• _Work item_
Copy out the listing in full, exactly as written, but not its pictures.

• _Data section_

☆ ☆ ☆

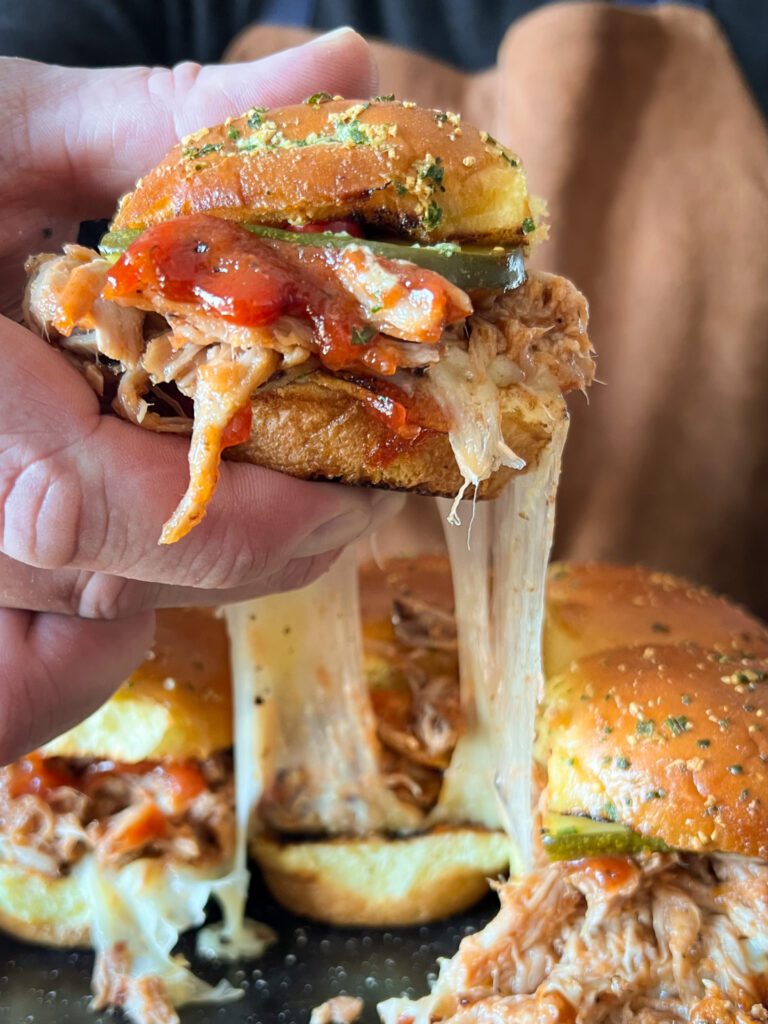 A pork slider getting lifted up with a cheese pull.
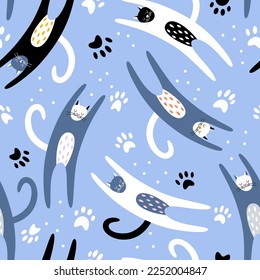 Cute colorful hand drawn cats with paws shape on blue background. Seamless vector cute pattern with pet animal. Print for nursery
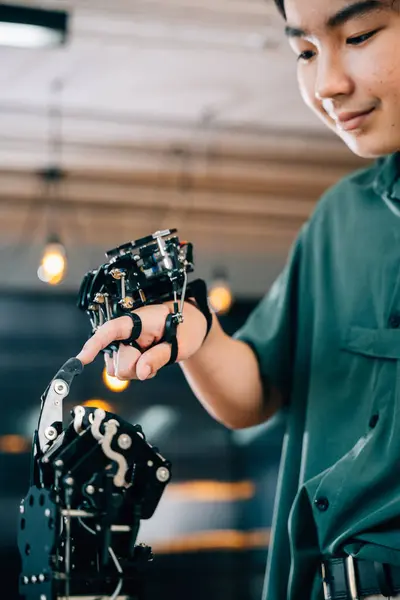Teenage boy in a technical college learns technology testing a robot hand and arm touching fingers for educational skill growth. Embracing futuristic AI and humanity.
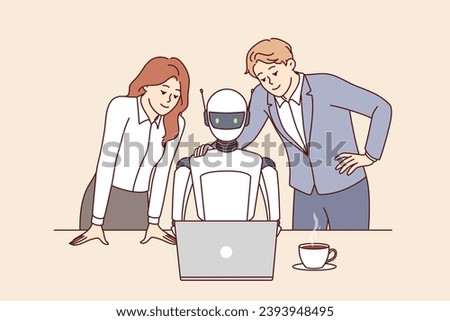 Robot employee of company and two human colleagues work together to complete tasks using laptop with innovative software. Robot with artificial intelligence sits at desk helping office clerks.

☆ ☆ ☆

• _Result for this task_
 A pork slider getting lifted up with a cheese pull.
 Cute colorful hand drawn cats with paws shape on blue background. Seamless vector cute pattern with pet animal. Print for nursery
Teenage boy in a technical college learns technology testing a robot hand and arm touching fingers for educational skill growth. Embracing futuristic AI and humanity.
 Robot employee of company and two human colleagues work together to complete tasks using laptop with innovative software. Robot with artificial intelligence sits at desk helping office clerks.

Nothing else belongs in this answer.